[Material to process Boundary: Start]

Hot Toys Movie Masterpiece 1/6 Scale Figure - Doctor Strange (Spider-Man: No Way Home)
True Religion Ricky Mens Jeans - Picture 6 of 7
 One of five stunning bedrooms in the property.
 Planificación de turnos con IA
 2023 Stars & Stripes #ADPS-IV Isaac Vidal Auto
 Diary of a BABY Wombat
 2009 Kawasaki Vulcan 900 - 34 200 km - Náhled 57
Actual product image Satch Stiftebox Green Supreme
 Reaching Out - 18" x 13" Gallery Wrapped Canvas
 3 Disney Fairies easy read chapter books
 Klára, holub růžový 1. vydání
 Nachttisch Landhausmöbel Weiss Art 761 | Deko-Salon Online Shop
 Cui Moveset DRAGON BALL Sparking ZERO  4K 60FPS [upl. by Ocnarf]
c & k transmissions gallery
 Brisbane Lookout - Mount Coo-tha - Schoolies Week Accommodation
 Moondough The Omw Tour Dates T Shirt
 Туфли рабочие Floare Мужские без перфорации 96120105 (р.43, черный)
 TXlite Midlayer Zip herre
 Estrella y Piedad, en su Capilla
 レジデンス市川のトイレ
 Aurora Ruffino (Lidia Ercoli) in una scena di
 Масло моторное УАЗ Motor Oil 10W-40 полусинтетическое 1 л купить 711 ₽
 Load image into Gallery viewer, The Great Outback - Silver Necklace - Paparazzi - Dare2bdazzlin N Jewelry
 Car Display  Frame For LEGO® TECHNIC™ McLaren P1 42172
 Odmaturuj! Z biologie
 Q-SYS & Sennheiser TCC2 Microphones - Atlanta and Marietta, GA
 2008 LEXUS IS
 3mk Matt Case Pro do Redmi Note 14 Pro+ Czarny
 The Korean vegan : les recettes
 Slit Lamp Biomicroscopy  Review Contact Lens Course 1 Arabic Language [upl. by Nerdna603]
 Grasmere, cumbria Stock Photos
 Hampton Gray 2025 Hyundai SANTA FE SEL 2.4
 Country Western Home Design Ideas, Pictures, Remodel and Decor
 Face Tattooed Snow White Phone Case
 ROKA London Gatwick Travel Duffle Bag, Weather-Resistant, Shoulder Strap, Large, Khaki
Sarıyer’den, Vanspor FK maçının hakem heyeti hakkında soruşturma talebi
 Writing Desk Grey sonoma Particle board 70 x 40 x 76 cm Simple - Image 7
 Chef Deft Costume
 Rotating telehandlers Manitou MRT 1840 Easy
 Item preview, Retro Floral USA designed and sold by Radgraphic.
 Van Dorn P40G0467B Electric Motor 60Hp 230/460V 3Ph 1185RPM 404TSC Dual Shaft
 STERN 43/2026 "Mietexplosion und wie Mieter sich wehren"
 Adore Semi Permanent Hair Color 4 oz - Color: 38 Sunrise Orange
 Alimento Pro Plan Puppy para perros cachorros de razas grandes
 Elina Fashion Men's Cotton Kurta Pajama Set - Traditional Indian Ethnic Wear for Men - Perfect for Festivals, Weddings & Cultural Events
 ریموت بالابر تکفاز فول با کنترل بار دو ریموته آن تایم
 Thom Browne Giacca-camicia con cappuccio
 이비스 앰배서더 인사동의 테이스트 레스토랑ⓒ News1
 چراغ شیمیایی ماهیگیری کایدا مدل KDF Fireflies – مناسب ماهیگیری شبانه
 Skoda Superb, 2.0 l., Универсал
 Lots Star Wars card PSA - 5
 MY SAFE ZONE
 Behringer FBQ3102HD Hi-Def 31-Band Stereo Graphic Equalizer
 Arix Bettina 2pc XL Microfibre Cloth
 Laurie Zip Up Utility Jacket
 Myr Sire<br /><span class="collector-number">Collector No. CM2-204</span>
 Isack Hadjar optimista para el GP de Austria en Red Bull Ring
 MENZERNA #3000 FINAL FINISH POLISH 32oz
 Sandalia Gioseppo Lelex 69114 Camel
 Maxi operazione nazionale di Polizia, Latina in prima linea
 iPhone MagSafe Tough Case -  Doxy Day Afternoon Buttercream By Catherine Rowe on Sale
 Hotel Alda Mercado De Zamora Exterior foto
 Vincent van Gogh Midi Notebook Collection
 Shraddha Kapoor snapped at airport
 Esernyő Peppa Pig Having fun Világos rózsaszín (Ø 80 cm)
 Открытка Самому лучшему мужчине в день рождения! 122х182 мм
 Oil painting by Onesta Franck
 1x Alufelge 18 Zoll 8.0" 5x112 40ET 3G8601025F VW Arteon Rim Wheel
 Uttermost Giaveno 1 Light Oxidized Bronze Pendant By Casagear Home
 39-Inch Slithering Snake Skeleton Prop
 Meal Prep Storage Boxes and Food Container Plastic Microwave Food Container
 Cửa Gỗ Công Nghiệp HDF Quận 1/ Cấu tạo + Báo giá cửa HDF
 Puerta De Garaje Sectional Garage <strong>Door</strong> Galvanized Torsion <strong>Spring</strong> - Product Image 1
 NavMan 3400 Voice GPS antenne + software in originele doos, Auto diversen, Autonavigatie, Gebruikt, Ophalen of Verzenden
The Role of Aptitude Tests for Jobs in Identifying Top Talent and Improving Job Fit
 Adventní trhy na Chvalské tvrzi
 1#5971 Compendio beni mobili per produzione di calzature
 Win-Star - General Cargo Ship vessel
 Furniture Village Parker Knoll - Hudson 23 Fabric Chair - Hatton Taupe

[Material to process Boundary: End]

§ **Task prompt**: Look above for the line with "Planificación de turnos con IA" and the line with "Moondough The Omw Tour Dates T Shirt". Write out those two lines and all the lines between them, exactly, and no others.

§ **Written solution**:
 Planificación de turnos con IA
 2023 Stars & Stripes #ADPS-IV Isaac Vidal Auto
 Diary of a BABY Wombat
 2009 Kawasaki Vulcan 900 - 34 200 km - Náhled 57
Actual product image Satch Stiftebox Green Supreme
 Reaching Out - 18" x 13" Gallery Wrapped Canvas
 3 Disney Fairies easy read chapter books
 Klára, holub růžový 1. vydání
 Nachttisch Landhausmöbel Weiss Art 761 | Deko-Salon Online Shop
 Cui Moveset DRAGON BALL Sparking ZERO  4K 60FPS [upl. by Ocnarf]
c & k transmissions gallery
 Brisbane Lookout - Mount Coo-tha - Schoolies Week Accommodation
 Moondough The Omw Tour Dates T Shirt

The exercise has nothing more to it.